Hawaii volcano's toll nears 600 homes destroyed by lava; no end in sight

The number of homes and structures destroyed by lava on Hawaii’s Big Island has jumped to nearly 600 -- making the Kilauea eruption the most catastrophic event in modern state history, Hawaii County Mayor Harry Kim said Thursday.

Kim, who lost his own home to the devastating magma march that began in May, has been pushing for more funding to help thousands of displaced residents.

That help came Thursday after Hawaii Gov. David Ige signed a memorandum of understanding that freed up $12 million in immediate disaster relief to the island. The money covers overtime pay for police, fire, public works and civil defense personnel. It also provides funds for equipment needed for evacuations and rebuilding.

“This is an ongoing emergency and we’re in the early stages of damage assessment, but we do know that costs for overtime, equipment and materials are mounting,” Ige said. “This funding will help the county continue to protect the health, safety and welfare of area residents.”

“This is an ongoing emergency and we’re in the early stages of damage assessment, but we do know that costs for overtime, equipment and materials are mounting.”

— Hawaii Gov. David Ige

Kim, who had previously said it would take a minimum of $5 million per mile to repair roads ravaged by Kilauea, said the $12 million will help Hawaii County “focus on the critical tasks of making life better for our people affected by the eruption.”

Ige and Kim also announced the formation of a federal, state and local task force that would develop a recovery plan for the hardest-hit communities.

“Our responsibility is to try to work with the community to rebuild out of harm’s way,” Kim said.

Thousands of residents have been left shell-shocked by the devastation that’s been pounding the island. Most recently, a huge river of lava has engulfed two entire seaside subdivisions – Vacationland and Kapoho Beach Lots. That’s on top of the losses at Leilani Estates, one of the first areas to feel the destructive power of Kilauea.

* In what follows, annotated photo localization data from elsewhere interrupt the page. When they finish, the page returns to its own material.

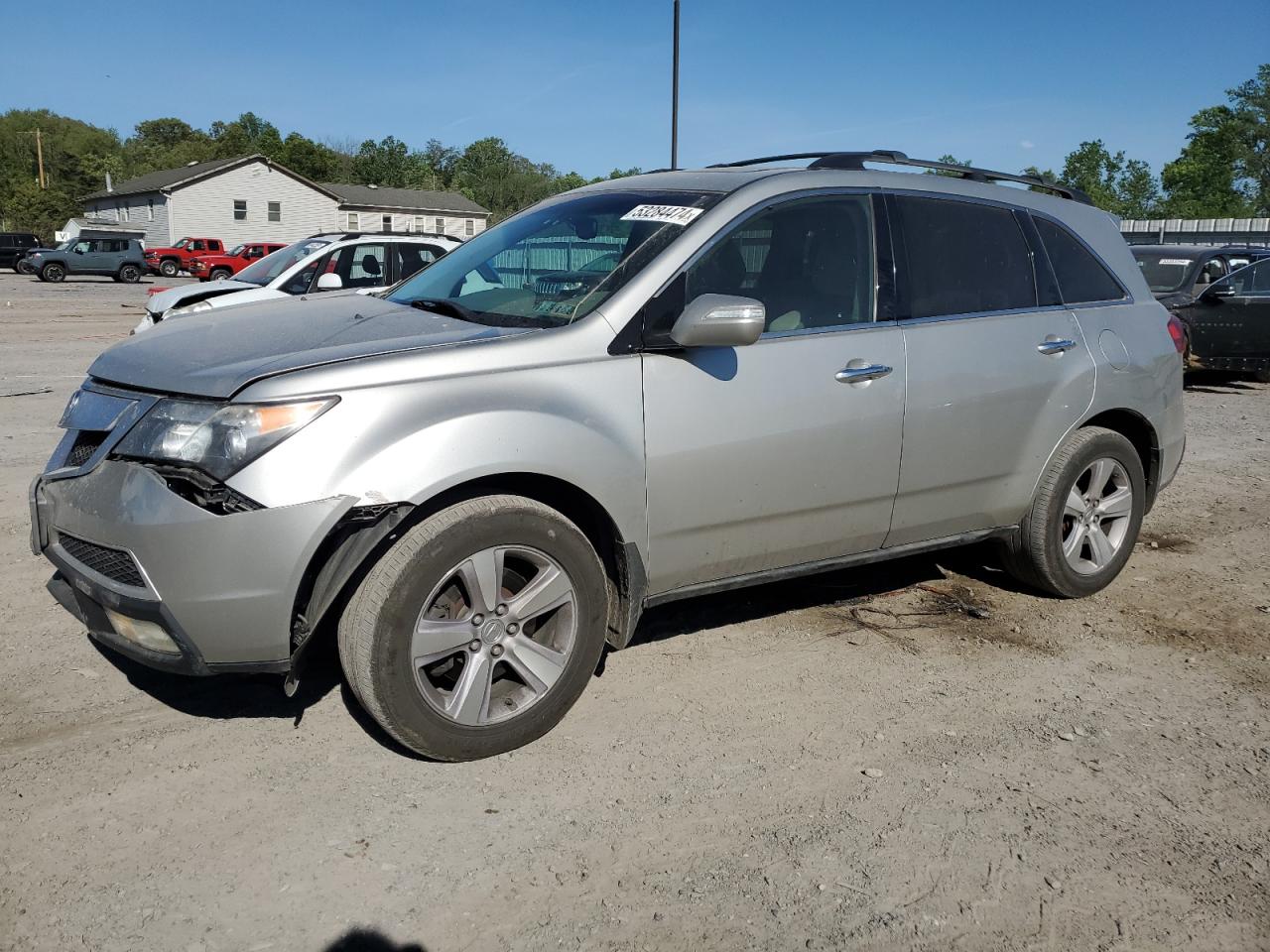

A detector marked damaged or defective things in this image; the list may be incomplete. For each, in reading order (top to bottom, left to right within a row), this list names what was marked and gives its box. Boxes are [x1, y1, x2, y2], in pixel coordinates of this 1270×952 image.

damaged front bumper [31, 464, 357, 680]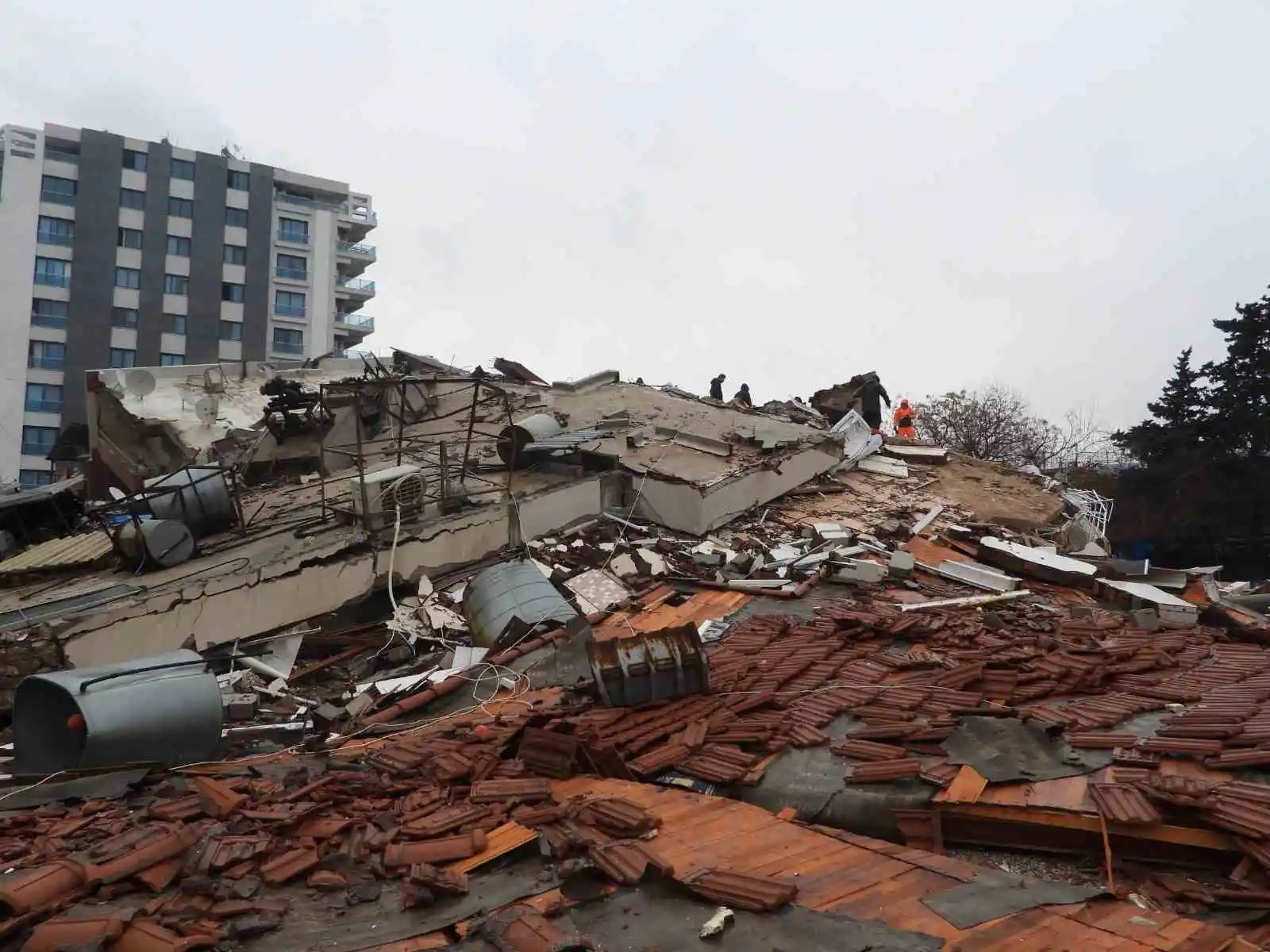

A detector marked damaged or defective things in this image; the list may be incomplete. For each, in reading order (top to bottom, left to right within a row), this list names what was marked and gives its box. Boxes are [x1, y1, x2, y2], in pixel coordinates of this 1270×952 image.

cracked concrete wall [60, 477, 610, 670]
cracked concrete wall [627, 447, 843, 540]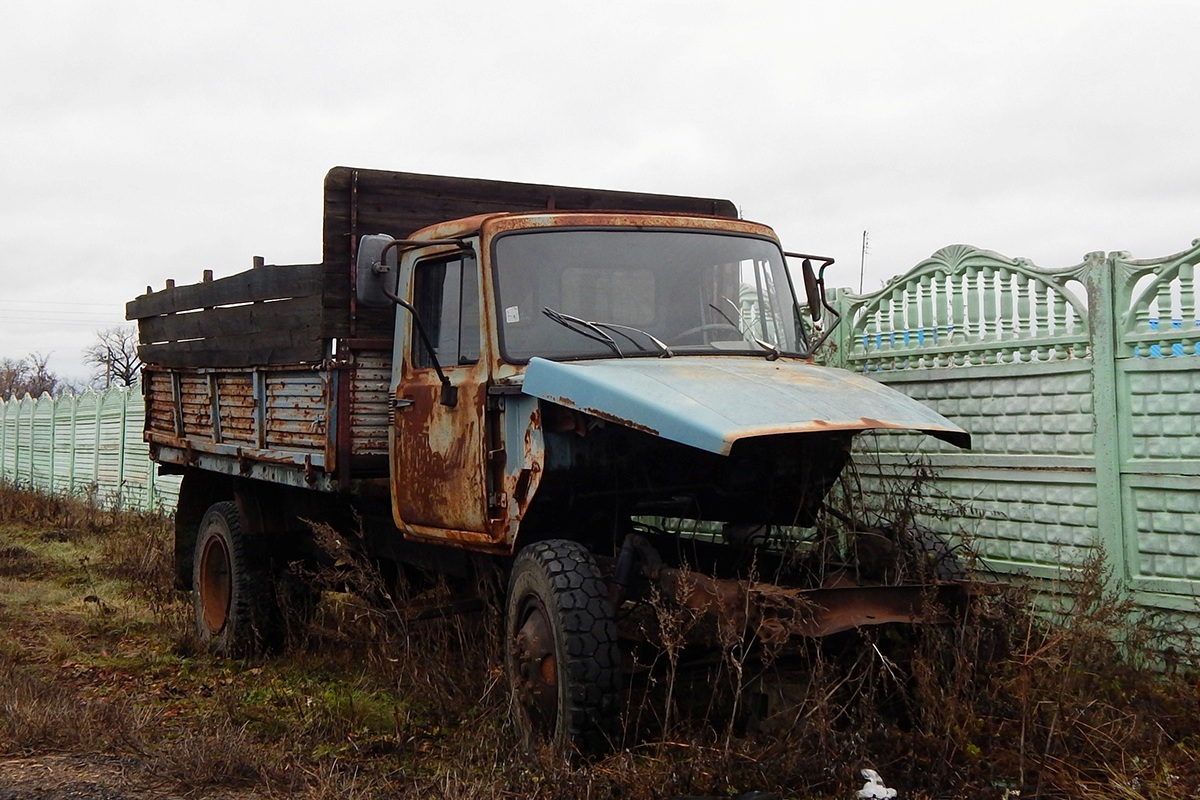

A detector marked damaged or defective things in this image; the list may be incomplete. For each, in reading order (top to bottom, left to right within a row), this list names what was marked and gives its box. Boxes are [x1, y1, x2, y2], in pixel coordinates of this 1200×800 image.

rusted door [394, 253, 488, 536]
abandoned truck [129, 166, 976, 752]
cracked windshield [492, 227, 800, 360]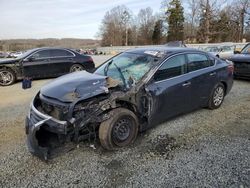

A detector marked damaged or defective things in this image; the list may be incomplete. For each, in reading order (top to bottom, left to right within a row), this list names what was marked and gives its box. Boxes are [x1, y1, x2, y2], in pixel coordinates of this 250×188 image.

crushed front bumper [25, 101, 67, 160]
destroyed front end [25, 71, 121, 160]
crumpled hood [40, 71, 115, 103]
shattered windshield [94, 52, 160, 89]
damaged sedan [25, 47, 234, 160]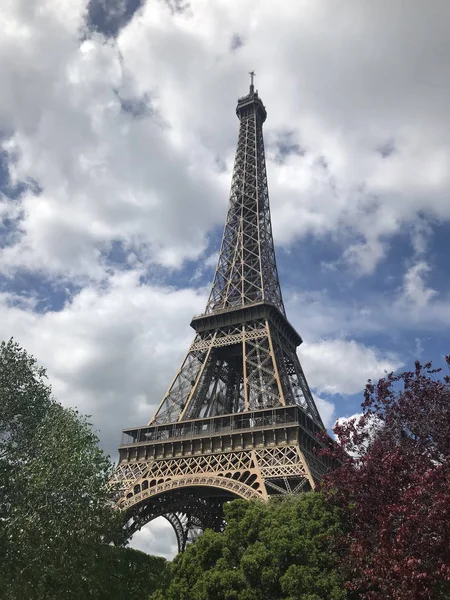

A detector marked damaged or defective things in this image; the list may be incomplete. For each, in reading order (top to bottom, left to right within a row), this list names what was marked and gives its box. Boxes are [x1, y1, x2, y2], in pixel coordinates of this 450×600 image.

rusty metal structure [112, 76, 330, 552]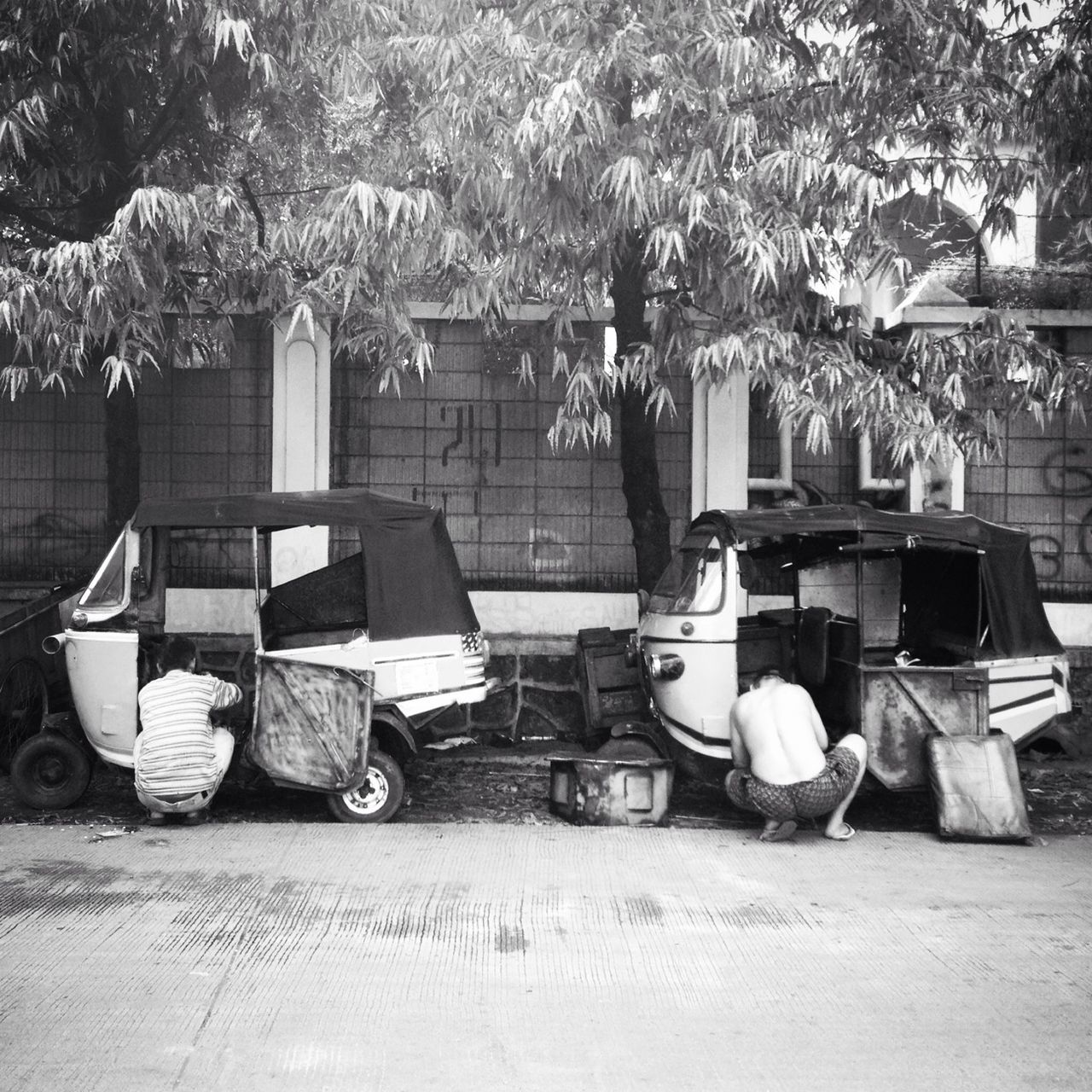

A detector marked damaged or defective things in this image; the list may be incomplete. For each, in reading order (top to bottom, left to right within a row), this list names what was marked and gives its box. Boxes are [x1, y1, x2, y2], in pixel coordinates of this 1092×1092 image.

rusty metal door panel [250, 655, 373, 794]
rusty metal door panel [860, 668, 991, 790]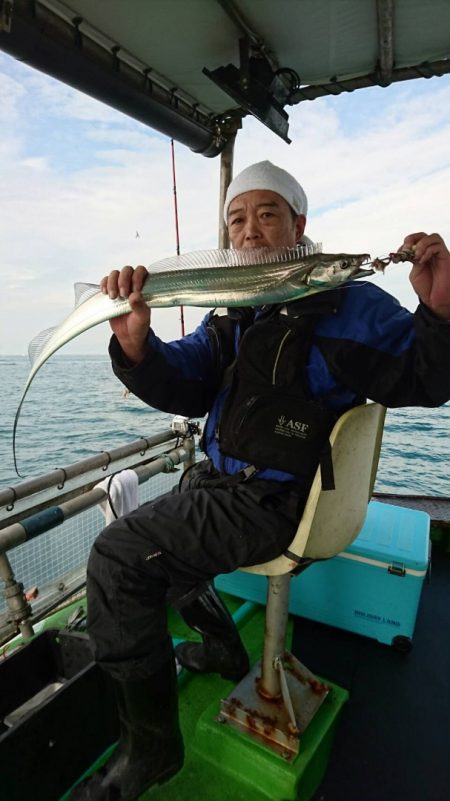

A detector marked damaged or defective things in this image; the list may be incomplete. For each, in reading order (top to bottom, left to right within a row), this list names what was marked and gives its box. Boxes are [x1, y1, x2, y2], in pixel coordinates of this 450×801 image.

rusty metal mount [216, 652, 328, 760]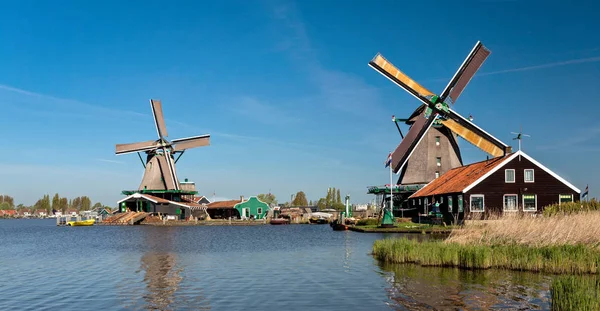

“So if you combine the three of them, we’re talking about 600 homes,” Kim said, adding that the number doesn’t account for the farmers, ranchers and their employees forced off their land and out of work.

Scientists with the U.S. Geological Survey say they don’t know when the volcanic activity will stop.

Late Thursday, the Hawaiian Volcano Observatory reported that fissure 8 “is very active and producing a large channelized flow that has filled in Kapoho Bay.”

HVO said the lava delta is 1.2 miles wide and added that “ocean entry is sending a large laze plume into the air along the coastline.”

As of early Friday 24 separate fissures covered nearly 8 square miles of land in lava. The fountain of lava at fissure 8 has reached as high as 250 feet in the air.

If that wasn’t enough, residents have had to deal with more than 9,000 earthquakes that have rattled the Big Island since May 3. The largest, a magnitude 6.9, produced an ash plume that was 30,000 feet high.

Four lava flows have reached the blue waters of the Pacific Ocean.